At national level, net export of Indonesia is 10% from the total GDP. The export is composed of 20% oil and gas products and 80% non oil and gas. The destination of the non oil and gas export products is 12% to US and European countries, other destinations are to Japan, Singapore and Middle East countries. Industries such as textiles, automotive and others based on export to the above countries will directly be affected by the global crisis.
Non oil and gas export to US was valued of 1 Billion US $ and European countries 990 Million US $ in 2007. These values of exports are now collapsed. Demand of the main export to those countries from textiles in 2008 now remains 30% only. Thousands of textile workers have been laid off in Central Java and West Java. Up to the end of 2008 and early 2009 there will be another lay off of workers in formal and informal sectors as much as 350.000 skilled labor and up to 3.5 million unskilled labors. Reports from the North Sumatra Micro Small and Medium Enterprise Service, mentions a decline of even domestic demands of ceramics and crafts products.

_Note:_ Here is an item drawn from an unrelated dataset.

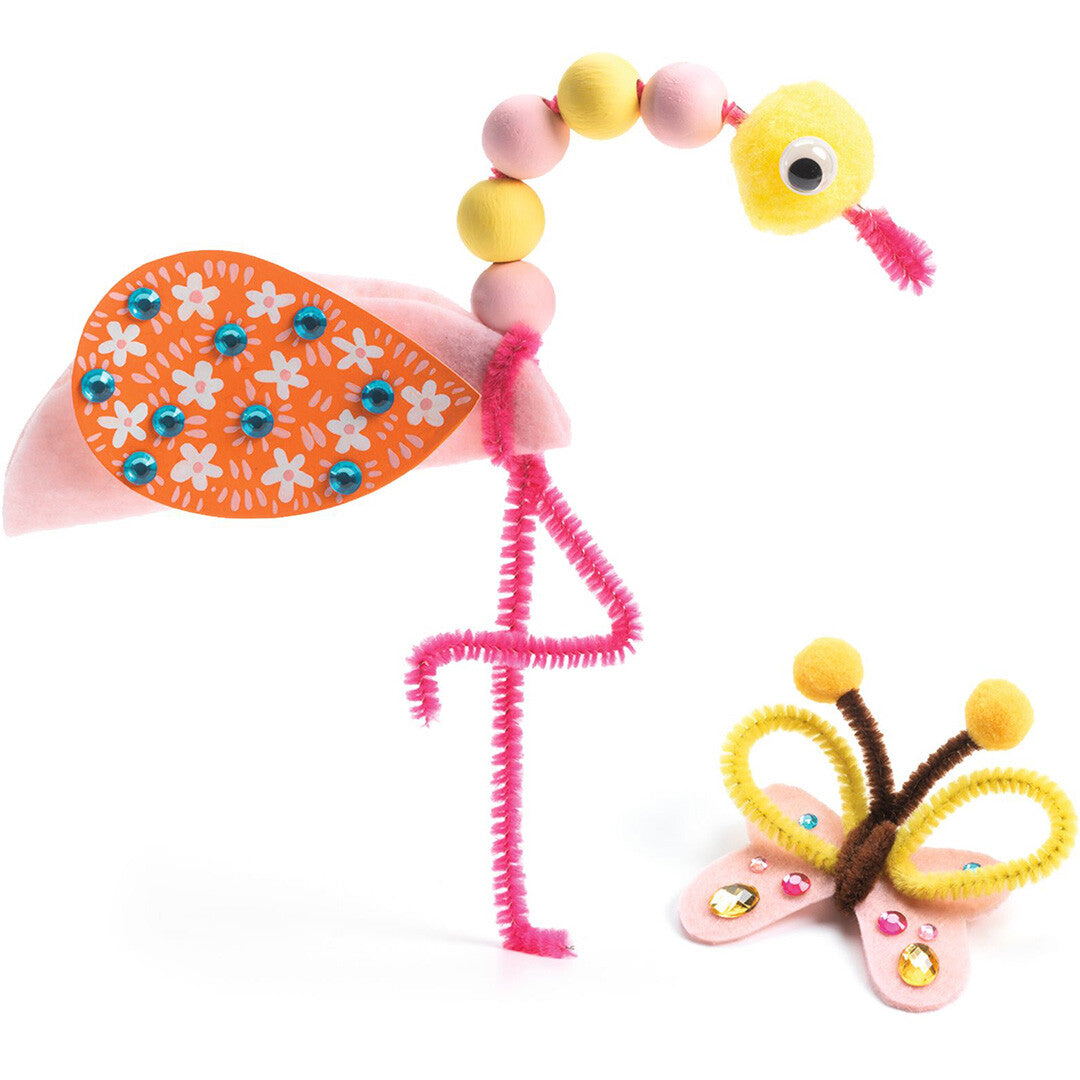 Een roze flamingo en gele vlinder, geknutseld met materialen uit de set.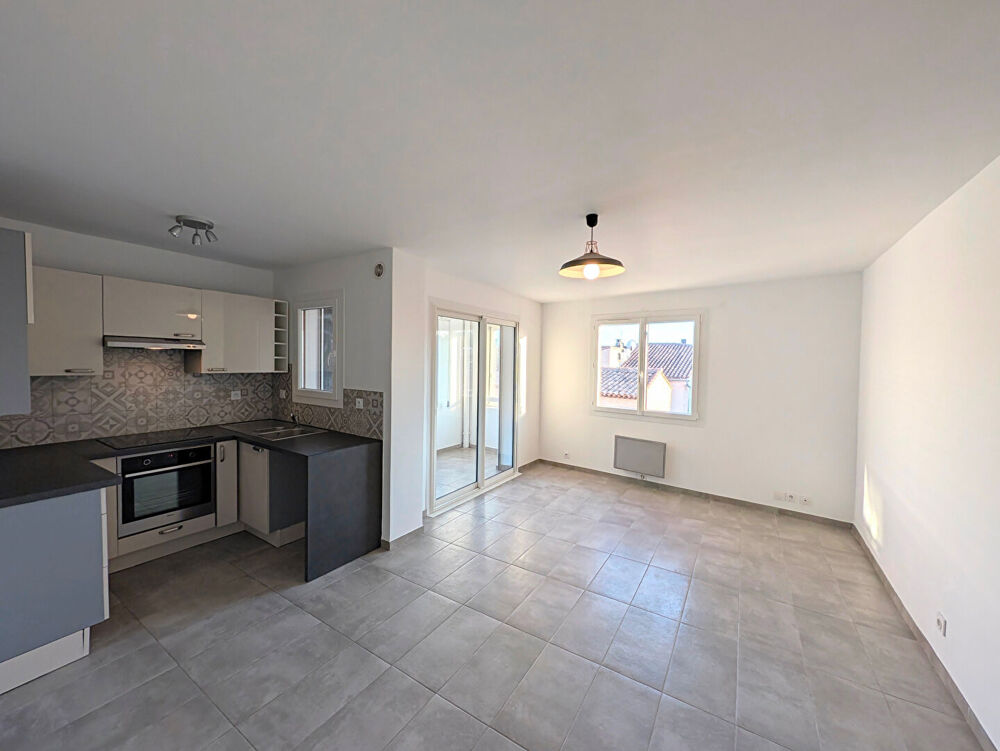 Location Appartement APPARTEMENT EGUILLES - 2 pièce(s) - 44.15 m2 Eguilles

Ceramics are sold to Nangroe Aceh Darussalam Special Province and North Sumatra, meanwhile from Samosir leather shoe and wallet are for export market. The decline of the demand is almost the same with the national export decline, which is close to only 30% of the 2007 export volume. This situation is hardly influencing Indonesian people’s economy.
Meanwhile, export from agricultural products has no sign of declining yet from coffee and tea products. National export of coffee which mostly come from people’s plantations, are reportedly increasing of the target. In 2007, coffee export of Indonesia reached 300,000 MT and in 2008 it is estimated to reach 325.000 MT or an increase of 8%. This is because of the remained stable European market for coffee especially to Germany, which is the biggest consumer. Aside from that there also an increasing demand from country that benefited more from foreign exchange and oil price hike like Russia. . Nevertheless, tea commodity of Indonesia tends to decrease in production. In 2007 the national production reaches 149,000 tons and in 2008 it is predicted to reach 145,000 tons. Export of tea is also declining since 2006 with 95,000 tons, in 2007 reaching 83,000 tons and in 2008 is expected to reach back to 95,000 tons. This situation was caused by decline in maintenance and plantation culture.
Agriculture and food products from imports with import contents are surely influenced. Tofu and tempe the most people’s favorite food made of soybean from import, from its country origin have to compete with another uses such as for bio-energy or animal feeding. Scarcity of this product will surely be increasing the market price. Meanwhile, national rice production from the prediction of 3 million tons target had been achieved 2.85 million tons at the third quarter. Agricultural product like rice will be sufficiently supplied by domestic products and import will not be required. This situation will in turn reducing national expenses.
In tourism sector, it is reportedly no declining foreign tourist visits yet until the end of 2008. This might be because of holidays have been planned long time beforehand and culturally cannot easily postponed or cancelled. Tourist visits can be declining if the crisis goes worse further.
Momentum that must be maintained by the Indonesian government is to increase the domestic products for domestic markets, as Indonesia is a large market with its huge population. In this sense industrial products of Indonesia cannot be let unsold because of loosing competition with China or Vietnam products that enter the Indonesian market illegally and with very low price. Indonesian Customs as part of the Department of Finance and Department of Trade and Industry as well should look carefully into the increase of 10-15% import for oil, electronics and iron products from China.
In this global crisis, aside from appropriate trade policy, monetary policy through Central Bank decision on BI rate to respond, Indonesia should optimize national production based on the domestic resources and sell it to the domestic market. Principle of self-reliance in economy practiced by similarly large populated country like India, might be good example.